- **Exercise objective**
The answer is the exact text of every line from the one that contains "Let's try it" to the final line of the entries below, with pictures left out.

[Collected data entries]
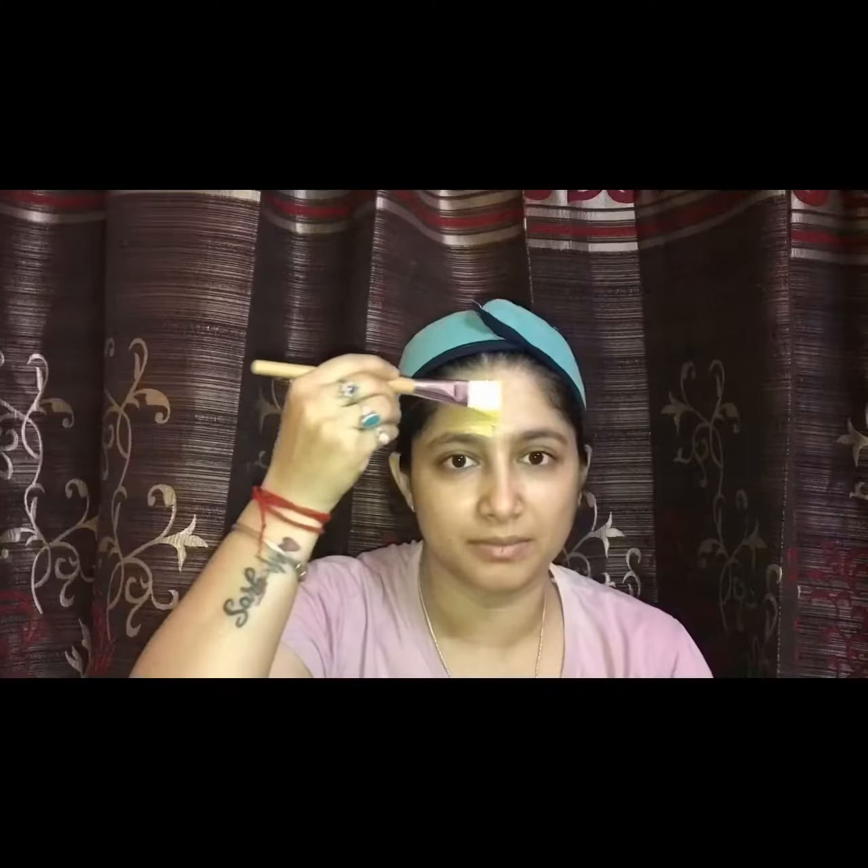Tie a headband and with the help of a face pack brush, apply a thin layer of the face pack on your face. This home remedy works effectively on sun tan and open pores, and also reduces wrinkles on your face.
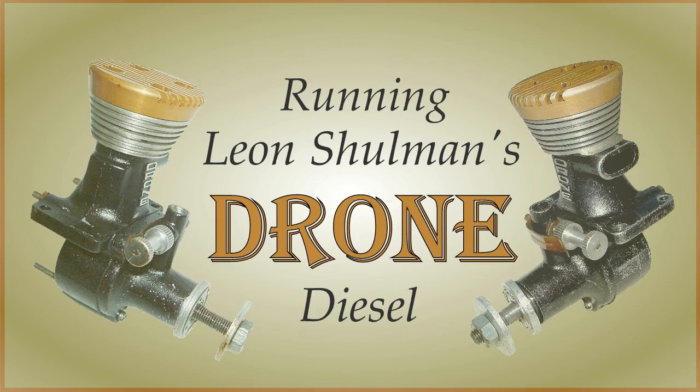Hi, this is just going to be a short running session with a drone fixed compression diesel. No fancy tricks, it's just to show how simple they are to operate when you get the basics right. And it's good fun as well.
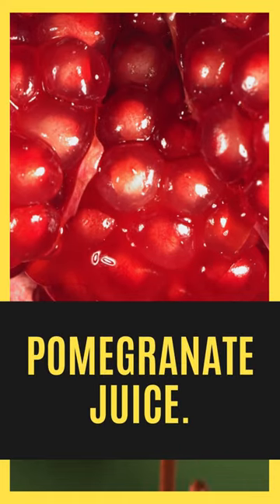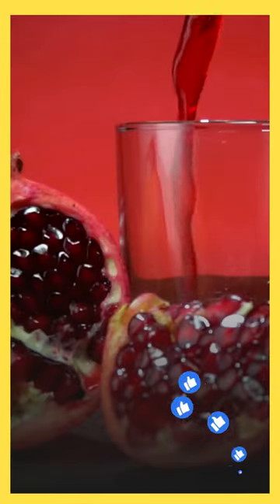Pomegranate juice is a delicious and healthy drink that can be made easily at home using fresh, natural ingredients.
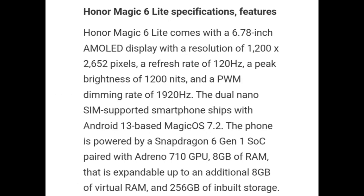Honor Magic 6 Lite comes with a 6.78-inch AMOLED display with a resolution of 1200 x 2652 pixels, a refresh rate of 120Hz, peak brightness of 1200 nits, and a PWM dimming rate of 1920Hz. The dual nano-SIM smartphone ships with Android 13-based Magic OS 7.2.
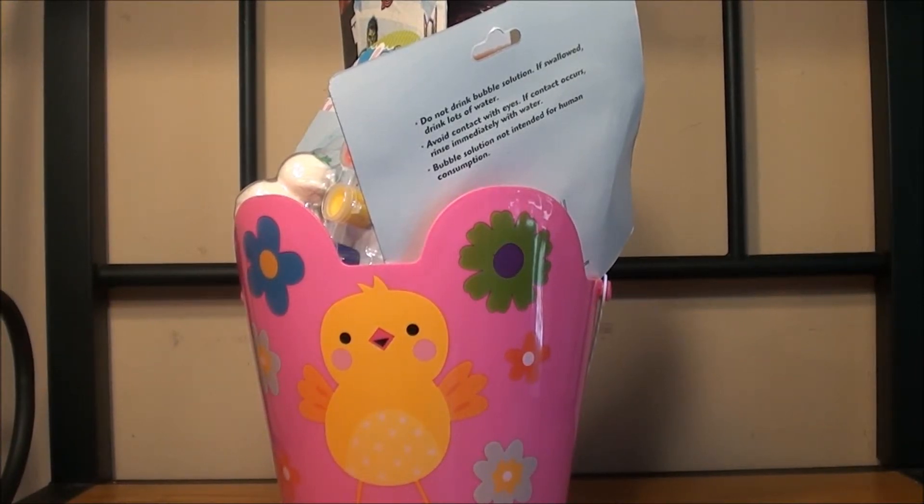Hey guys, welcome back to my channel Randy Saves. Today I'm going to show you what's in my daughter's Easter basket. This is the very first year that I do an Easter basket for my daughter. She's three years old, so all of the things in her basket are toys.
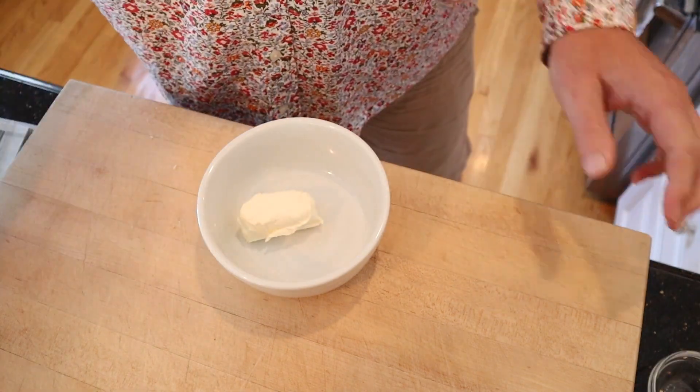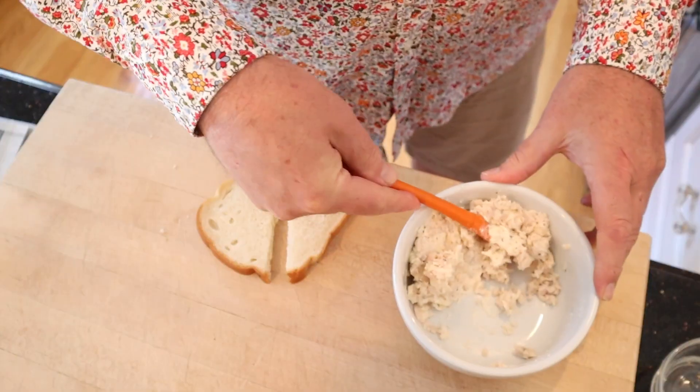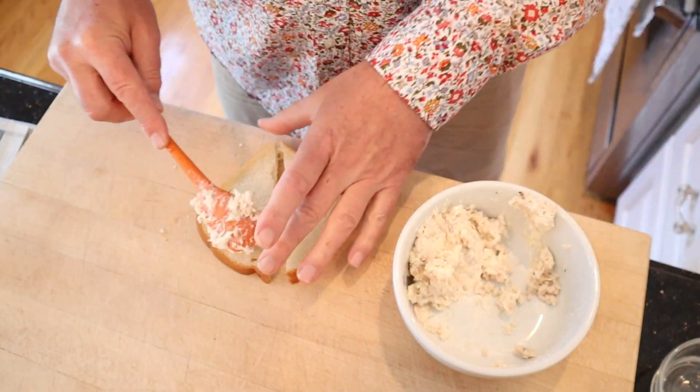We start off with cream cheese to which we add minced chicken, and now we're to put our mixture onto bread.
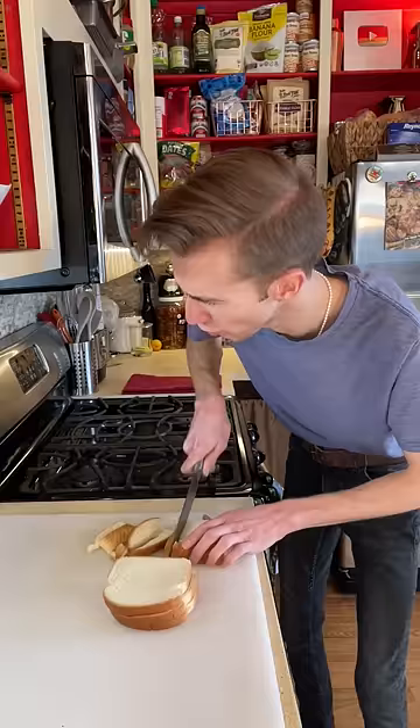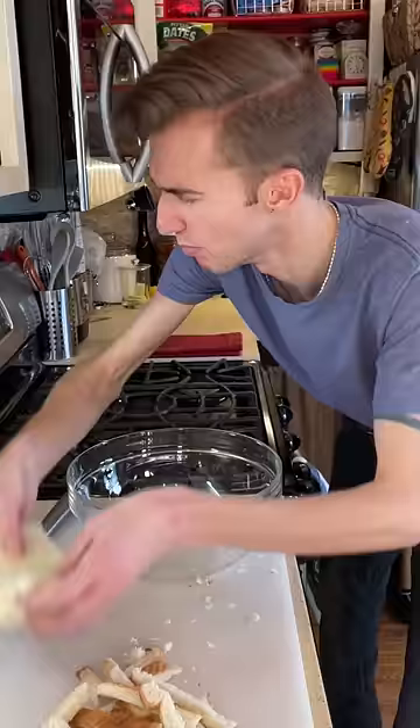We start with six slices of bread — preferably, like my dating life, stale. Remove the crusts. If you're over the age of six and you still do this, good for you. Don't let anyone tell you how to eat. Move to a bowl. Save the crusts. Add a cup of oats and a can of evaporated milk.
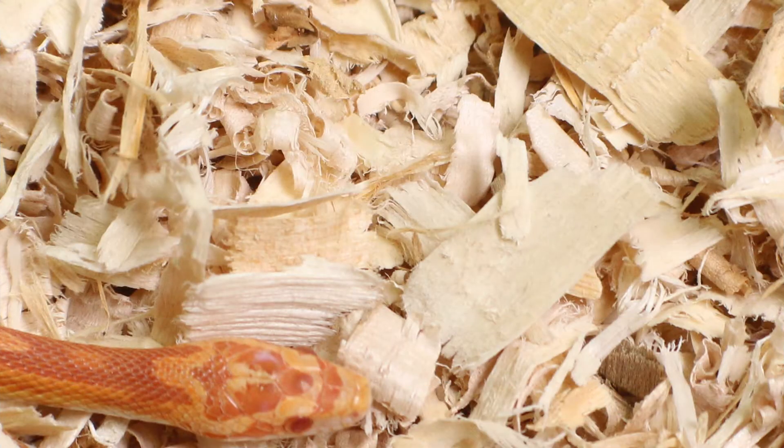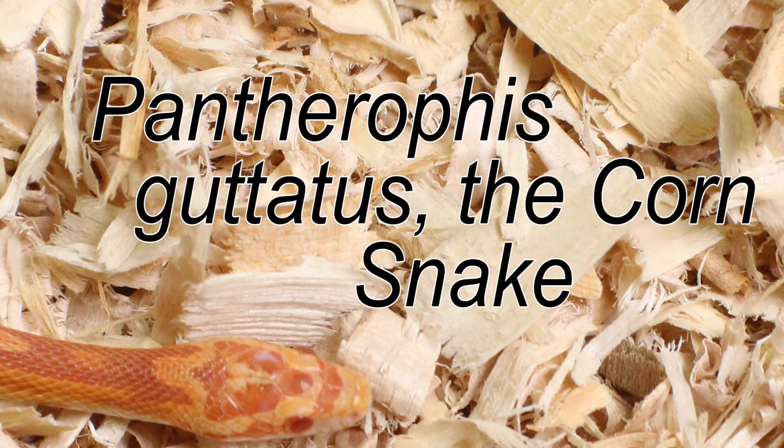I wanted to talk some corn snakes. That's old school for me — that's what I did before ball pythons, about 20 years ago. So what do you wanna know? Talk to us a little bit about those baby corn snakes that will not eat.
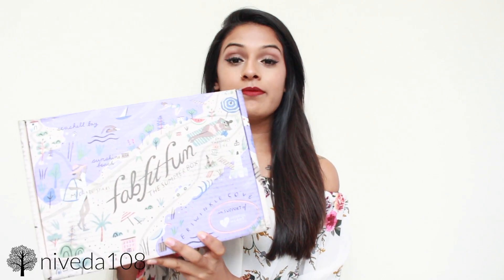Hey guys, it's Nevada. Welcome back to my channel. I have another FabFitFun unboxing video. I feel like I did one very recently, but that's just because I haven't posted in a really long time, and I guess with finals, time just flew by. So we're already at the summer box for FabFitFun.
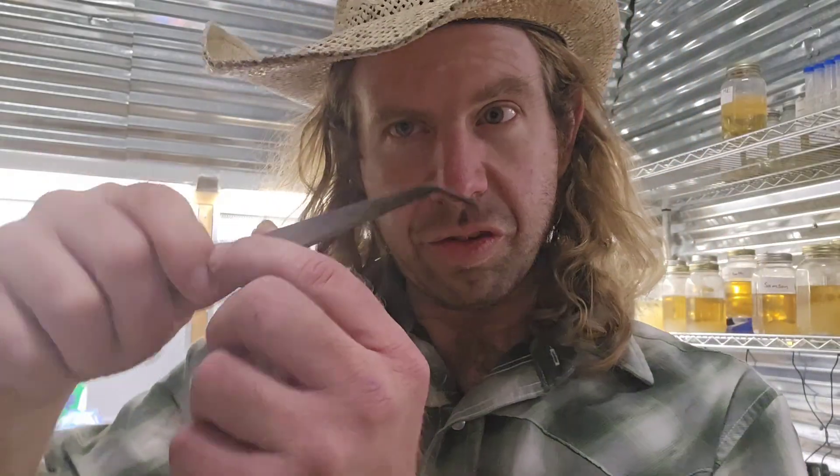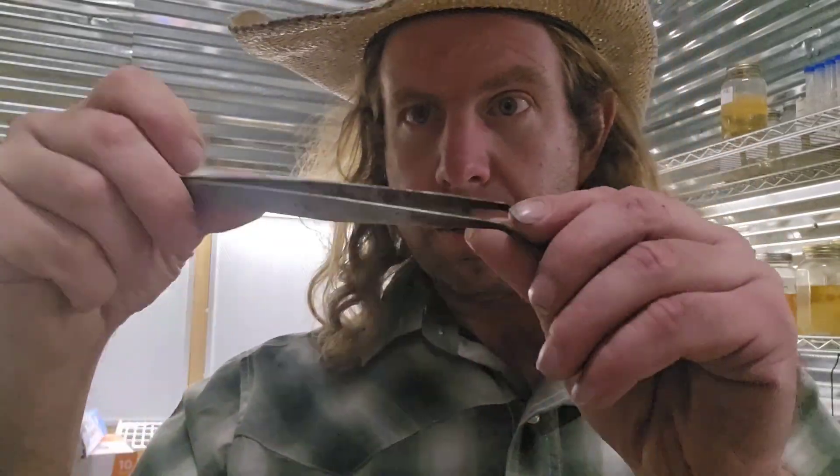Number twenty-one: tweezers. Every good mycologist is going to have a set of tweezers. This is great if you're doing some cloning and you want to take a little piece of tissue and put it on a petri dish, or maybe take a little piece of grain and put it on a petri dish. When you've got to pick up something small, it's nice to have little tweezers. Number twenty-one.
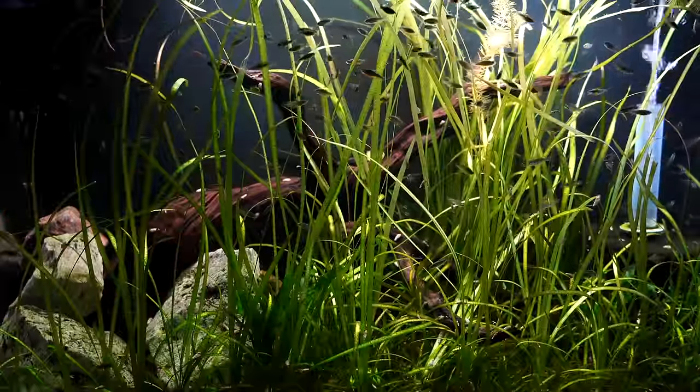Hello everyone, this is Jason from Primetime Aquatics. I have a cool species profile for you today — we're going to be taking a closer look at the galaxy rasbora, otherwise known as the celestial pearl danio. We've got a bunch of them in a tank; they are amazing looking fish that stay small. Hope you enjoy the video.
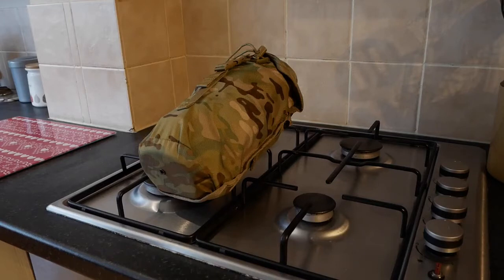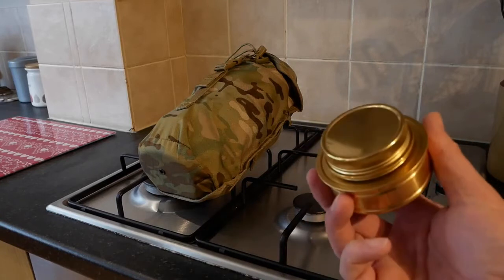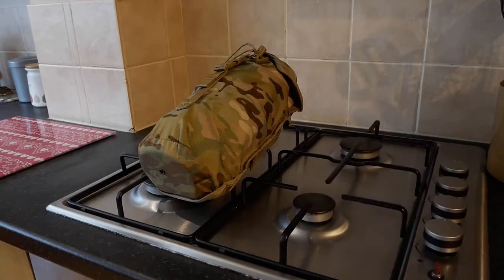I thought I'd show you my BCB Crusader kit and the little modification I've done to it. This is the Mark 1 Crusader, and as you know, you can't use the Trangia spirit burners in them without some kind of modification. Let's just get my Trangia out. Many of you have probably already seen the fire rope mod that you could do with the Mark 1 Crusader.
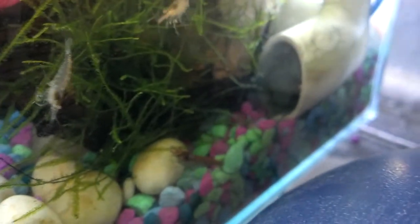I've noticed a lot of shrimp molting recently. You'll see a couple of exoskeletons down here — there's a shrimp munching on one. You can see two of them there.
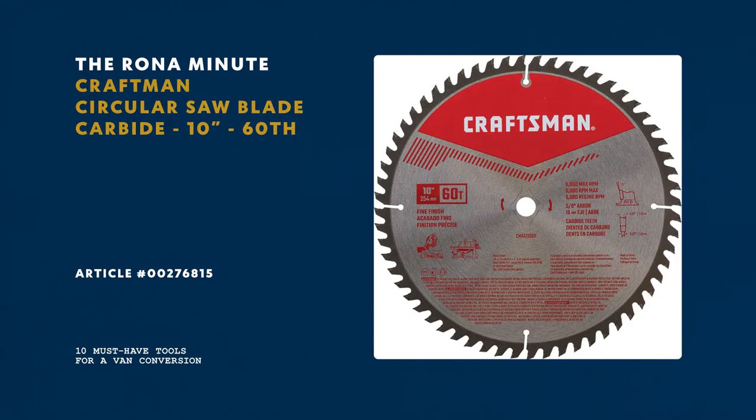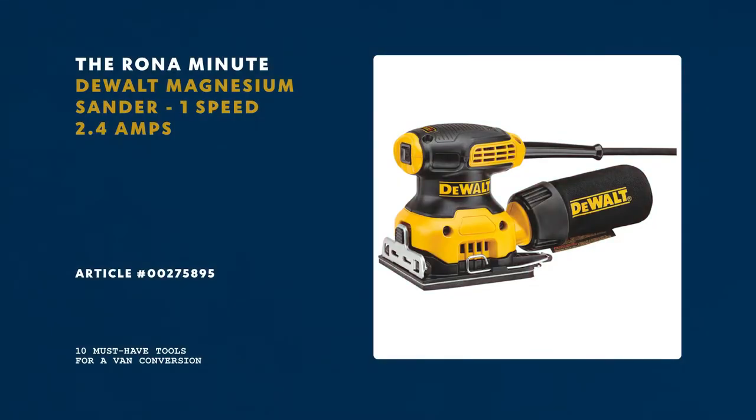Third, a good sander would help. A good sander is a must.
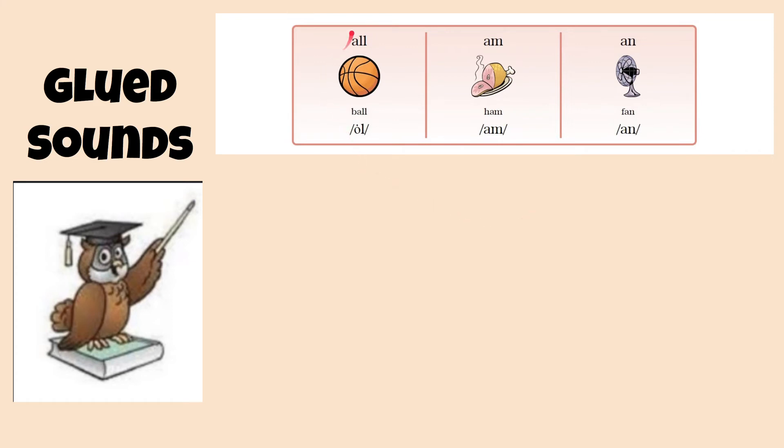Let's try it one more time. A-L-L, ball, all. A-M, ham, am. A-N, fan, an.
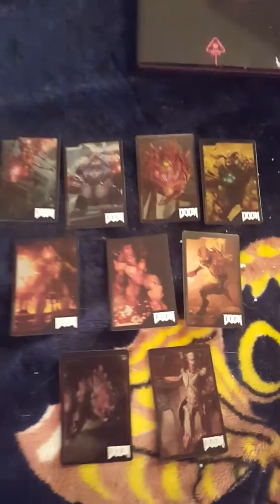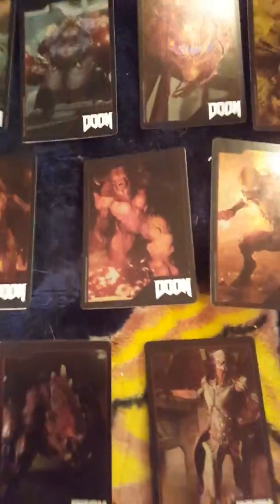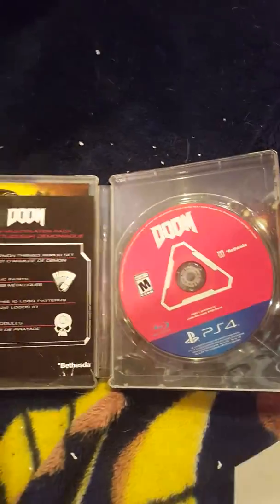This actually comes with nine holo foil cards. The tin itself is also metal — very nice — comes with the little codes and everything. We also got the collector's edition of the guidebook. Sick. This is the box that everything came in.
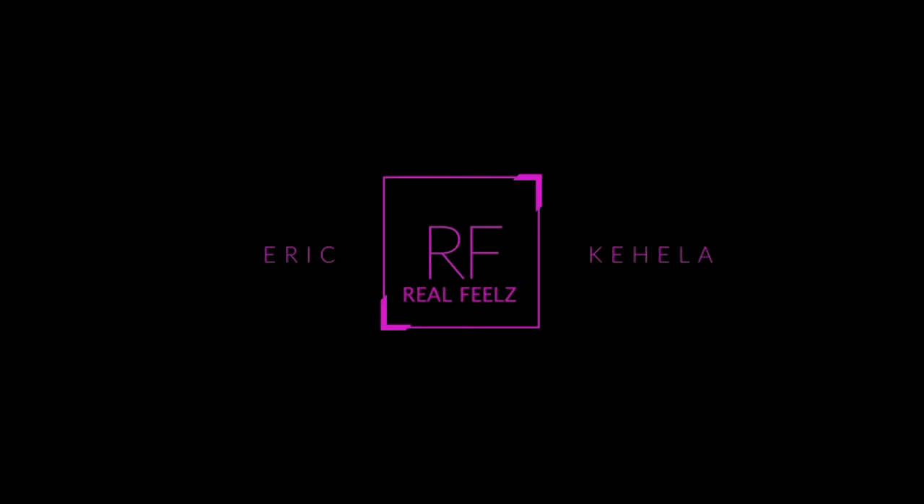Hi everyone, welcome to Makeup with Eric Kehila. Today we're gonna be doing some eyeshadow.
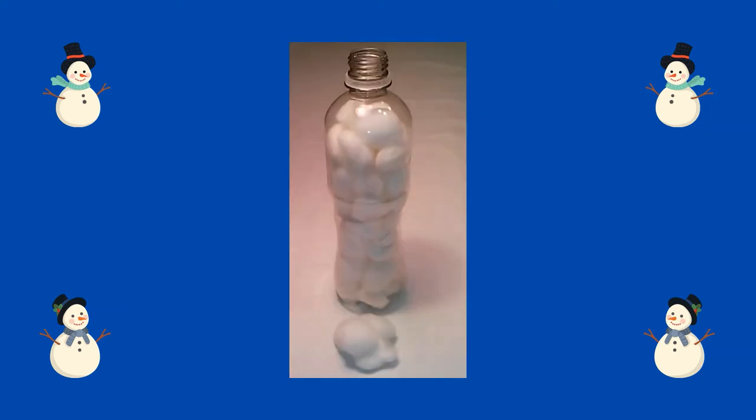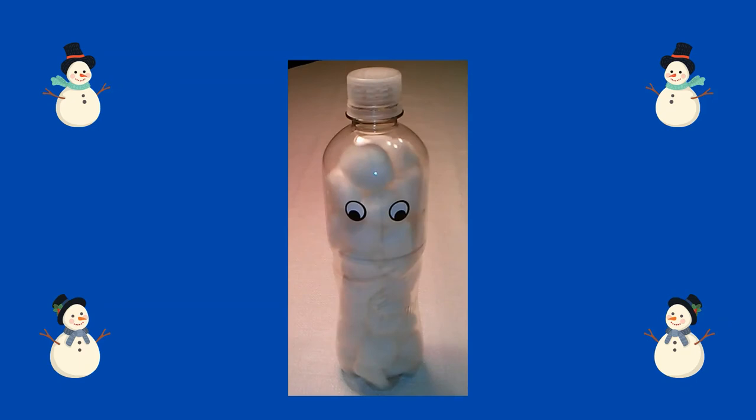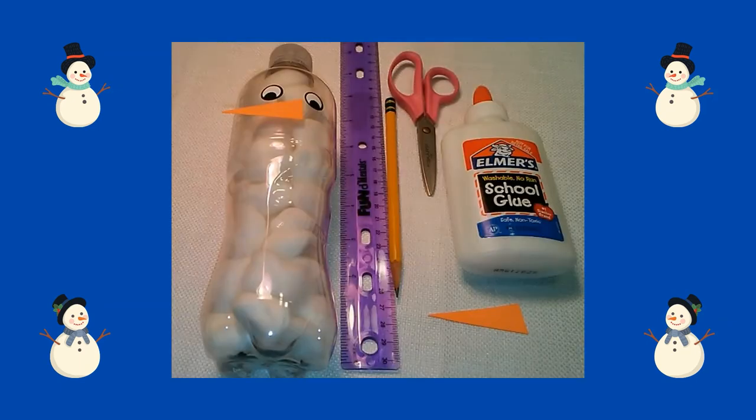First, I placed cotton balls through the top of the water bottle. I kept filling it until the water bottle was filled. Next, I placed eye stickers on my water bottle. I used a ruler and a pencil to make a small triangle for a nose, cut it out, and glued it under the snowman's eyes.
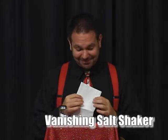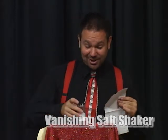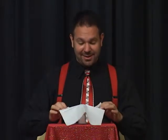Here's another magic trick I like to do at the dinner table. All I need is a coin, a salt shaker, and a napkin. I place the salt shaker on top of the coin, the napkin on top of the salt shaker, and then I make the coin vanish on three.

- **Task solution**
Let's try it one more time. A-L-L, ball, all. A-M, ham, am. A-N, fan, an.
This actually comes with nine holo foil cards. The tin itself is also metal — very nice — comes with the little codes and everything. We also got the collector's edition of the guidebook. Sick. This is the box that everything came in.
Hi everyone, welcome to Makeup with Eric Kehila. Today we're gonna be doing some eyeshadow.
First, I placed cotton balls through the top of the water bottle. I kept filling it until the water bottle was filled. Next, I placed eye stickers on my water bottle. I used a ruler and a pencil to make a small triangle for a nose, cut it out, and glued it under the snowman's eyes.
Here's another magic trick I like to do at the dinner table. All I need is a coin, a salt shaker, and a napkin. I place the salt shaker on top of the coin, the napkin on top of the salt shaker, and then I make the coin vanish on three.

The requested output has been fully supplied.